_WORK REQUIRED_:
The reply should consist of one number, the count of lines below in which the word "Photo" appears.

_EXCERPTED RECORDS_:
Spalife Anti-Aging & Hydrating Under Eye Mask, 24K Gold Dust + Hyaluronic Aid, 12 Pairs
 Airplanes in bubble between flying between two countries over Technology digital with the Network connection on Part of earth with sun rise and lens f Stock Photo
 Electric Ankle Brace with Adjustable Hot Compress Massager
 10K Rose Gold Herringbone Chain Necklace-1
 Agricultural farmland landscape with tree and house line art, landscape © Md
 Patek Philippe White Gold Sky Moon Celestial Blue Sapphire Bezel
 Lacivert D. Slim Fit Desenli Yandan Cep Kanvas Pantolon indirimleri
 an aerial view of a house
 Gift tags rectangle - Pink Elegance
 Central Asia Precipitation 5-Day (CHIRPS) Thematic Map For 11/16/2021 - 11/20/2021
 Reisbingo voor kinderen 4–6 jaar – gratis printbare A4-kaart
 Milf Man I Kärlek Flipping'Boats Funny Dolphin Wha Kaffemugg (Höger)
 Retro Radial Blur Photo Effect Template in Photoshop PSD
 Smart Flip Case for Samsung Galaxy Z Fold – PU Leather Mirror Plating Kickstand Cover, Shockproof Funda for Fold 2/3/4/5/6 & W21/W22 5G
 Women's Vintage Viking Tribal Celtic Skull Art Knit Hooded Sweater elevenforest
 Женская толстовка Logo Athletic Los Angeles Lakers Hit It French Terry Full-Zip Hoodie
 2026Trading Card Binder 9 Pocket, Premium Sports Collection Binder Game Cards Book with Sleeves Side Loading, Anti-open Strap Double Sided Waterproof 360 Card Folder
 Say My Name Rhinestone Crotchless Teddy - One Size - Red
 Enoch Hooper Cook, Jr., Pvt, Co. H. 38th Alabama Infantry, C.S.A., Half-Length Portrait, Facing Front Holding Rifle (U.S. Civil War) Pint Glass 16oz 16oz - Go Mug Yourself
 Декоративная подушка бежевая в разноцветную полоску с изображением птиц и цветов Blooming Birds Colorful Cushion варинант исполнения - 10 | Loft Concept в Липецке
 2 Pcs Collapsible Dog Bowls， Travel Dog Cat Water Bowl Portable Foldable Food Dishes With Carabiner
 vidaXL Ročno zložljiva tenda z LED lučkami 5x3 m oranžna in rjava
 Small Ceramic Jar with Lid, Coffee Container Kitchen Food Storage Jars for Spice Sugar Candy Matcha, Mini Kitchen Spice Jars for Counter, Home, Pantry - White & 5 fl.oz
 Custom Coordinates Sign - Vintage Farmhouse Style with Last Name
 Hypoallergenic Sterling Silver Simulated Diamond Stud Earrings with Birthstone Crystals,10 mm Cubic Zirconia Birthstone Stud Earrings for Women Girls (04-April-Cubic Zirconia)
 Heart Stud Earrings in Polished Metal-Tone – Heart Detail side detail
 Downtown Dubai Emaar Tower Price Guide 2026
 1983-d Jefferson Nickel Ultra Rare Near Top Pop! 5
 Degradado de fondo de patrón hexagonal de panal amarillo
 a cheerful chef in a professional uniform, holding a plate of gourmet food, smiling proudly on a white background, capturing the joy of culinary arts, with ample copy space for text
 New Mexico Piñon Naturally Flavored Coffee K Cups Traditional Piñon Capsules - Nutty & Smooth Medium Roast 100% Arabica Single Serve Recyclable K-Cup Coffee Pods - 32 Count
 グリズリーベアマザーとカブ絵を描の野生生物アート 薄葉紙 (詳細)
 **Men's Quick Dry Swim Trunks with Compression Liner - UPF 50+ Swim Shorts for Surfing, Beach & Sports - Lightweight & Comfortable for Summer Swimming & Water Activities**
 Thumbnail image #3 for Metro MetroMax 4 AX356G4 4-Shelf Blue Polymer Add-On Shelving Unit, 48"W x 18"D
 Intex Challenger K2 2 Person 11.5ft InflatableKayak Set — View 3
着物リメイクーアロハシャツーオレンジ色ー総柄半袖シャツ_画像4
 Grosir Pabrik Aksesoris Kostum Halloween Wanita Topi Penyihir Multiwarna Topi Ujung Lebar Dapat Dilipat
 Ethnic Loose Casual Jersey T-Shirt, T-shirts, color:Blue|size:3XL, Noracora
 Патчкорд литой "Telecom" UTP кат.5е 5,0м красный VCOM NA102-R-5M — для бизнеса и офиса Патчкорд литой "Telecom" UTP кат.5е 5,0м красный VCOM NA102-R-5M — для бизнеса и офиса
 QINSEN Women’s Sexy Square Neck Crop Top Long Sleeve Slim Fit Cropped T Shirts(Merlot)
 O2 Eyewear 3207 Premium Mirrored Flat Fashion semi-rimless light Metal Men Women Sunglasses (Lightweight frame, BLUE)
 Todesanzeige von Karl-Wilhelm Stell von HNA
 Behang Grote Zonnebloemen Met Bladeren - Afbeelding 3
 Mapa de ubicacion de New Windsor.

_THE COMPLETED TASK_:
2